4) Jueves, 7. Ropa sucia. Rivera deja de ducharse y de cepillarse los dientes. Aquí Benedetti acelera la desintegración del tiempo cronológico: Rivera descubre un almanaque que marca el miércoles día 11 en vez de jueves día 7. Rivera vuelve a ver a Gertru y Madelaine, pero duda si son ellas o son otras niñas. No recuerda, definitivamente, ninguno de los nombres de sus clientes, aunque eso parece no afectarle. No se trata de interpretar en Rivera una suerte de amnesia, sino constatamos que el personaje se balancea en un plano distinto. Por último, se escucha otro aplazamiento del vuelo, y es cuando, tras verificar en otro almanaque una fecha que lo desconcierta (lunes 7), pero no lo conmociona, se le cruza Eduardo (Rivera) que intercambia señas y domicilios con María Elena Suárez.

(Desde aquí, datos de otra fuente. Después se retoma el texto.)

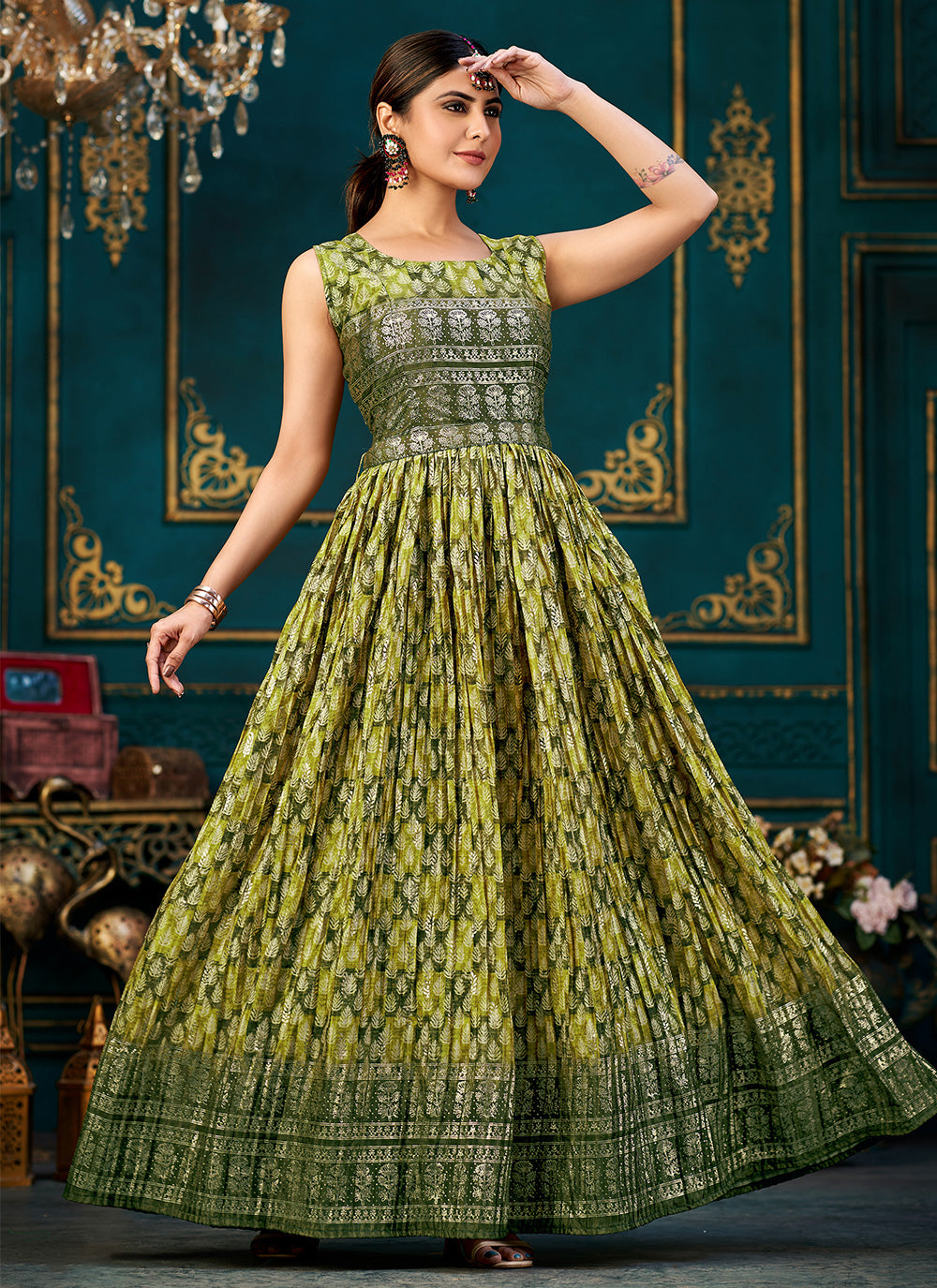 Floor Length Gown In Green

Desde aquí podemos inferir cuál es el código por el que Benedetti opta en su articulación de este cuento. Lo hace valiéndose de una descomposición del orden vital de su personaje, lo cual es puesto de manifiesto significativamente por avisos plegados que van desde la erosión de la memoria hasta la desvitalización del tiempo. Señalar, además, que el método por el que opera Benedetti se refugia en una fórmula sorpresiva. Nos da un afilado corte de vida y en su espacio ubica el elemento transgresor, que es el resorte fantástico. Es éste el que, activado desde esa misma posición final de discurso, determina el rumbo de todo el segmento narrativo, pues él es el encargado de reversibilizar la estructura diseñada hasta este instante con lo que el lector es descolocado y entra en la trampa tan sabiamente montada por el escritor.

Mario Benedetti, en definitiva, un narrador también de la fantasía, un cuentista de lo sobrenatural. Con él, asistimos a una normalización de lo extraordinario y a una apuesta por lo mágico en la escena. Todo un reto del que, y a este cuento me remito, sale victorioso cum laude.